Start of Supplied information
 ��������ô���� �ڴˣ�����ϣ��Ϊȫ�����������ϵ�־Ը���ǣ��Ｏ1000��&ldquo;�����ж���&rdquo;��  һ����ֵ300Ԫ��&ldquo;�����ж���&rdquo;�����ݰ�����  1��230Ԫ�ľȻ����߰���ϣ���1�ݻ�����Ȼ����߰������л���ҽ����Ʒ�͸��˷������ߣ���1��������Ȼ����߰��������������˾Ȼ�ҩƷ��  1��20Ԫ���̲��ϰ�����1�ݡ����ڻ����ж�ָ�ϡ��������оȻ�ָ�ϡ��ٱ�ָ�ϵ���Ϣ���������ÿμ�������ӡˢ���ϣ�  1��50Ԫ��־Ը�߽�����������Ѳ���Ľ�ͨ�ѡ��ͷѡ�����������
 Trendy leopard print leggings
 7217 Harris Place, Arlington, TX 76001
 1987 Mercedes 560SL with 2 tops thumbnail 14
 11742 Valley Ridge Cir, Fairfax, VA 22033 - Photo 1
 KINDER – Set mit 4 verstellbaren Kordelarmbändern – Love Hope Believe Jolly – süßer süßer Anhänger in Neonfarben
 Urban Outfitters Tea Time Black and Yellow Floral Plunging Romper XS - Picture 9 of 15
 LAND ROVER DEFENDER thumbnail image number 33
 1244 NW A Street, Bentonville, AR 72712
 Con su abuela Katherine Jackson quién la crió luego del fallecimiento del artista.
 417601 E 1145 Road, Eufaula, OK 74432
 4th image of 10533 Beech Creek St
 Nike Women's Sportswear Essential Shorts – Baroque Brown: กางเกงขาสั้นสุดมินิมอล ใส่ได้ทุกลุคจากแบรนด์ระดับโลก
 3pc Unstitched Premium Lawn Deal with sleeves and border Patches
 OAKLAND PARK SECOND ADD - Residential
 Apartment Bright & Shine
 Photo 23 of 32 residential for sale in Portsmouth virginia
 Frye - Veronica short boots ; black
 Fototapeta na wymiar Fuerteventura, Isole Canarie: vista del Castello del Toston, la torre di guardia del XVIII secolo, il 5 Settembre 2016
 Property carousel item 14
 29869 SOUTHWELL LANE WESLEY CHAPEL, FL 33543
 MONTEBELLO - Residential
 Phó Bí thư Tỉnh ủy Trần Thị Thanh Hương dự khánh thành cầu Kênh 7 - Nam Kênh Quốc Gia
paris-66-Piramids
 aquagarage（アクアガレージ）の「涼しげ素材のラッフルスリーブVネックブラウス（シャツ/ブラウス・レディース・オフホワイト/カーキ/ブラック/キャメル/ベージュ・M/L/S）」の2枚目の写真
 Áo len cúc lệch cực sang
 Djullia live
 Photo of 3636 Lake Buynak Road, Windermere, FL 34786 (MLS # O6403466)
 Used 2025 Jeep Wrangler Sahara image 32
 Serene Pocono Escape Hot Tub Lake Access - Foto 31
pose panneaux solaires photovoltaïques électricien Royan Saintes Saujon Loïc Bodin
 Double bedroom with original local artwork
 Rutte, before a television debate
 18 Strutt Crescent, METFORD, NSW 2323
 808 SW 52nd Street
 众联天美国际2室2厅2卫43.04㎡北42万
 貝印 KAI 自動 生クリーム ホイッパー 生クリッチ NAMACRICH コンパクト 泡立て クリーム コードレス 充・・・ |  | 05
End of Supplied information
** Assignment **
Look above for the line containing "1987 Mercedes 560SL with 2 tops thumbnail 14" and the line containing "Con su abuela". Transcribe both, with the lines between them, exactly.

** The answer **
 1987 Mercedes 560SL with 2 tops thumbnail 14
 11742 Valley Ridge Cir, Fairfax, VA 22033 - Photo 1
 KINDER – Set mit 4 verstellbaren Kordelarmbändern – Love Hope Believe Jolly – süßer süßer Anhänger in Neonfarben
 Urban Outfitters Tea Time Black and Yellow Floral Plunging Romper XS - Picture 9 of 15
 LAND ROVER DEFENDER thumbnail image number 33
 1244 NW A Street, Bentonville, AR 72712
 Con su abuela Katherine Jackson quién la crió luego del fallecimiento del artista.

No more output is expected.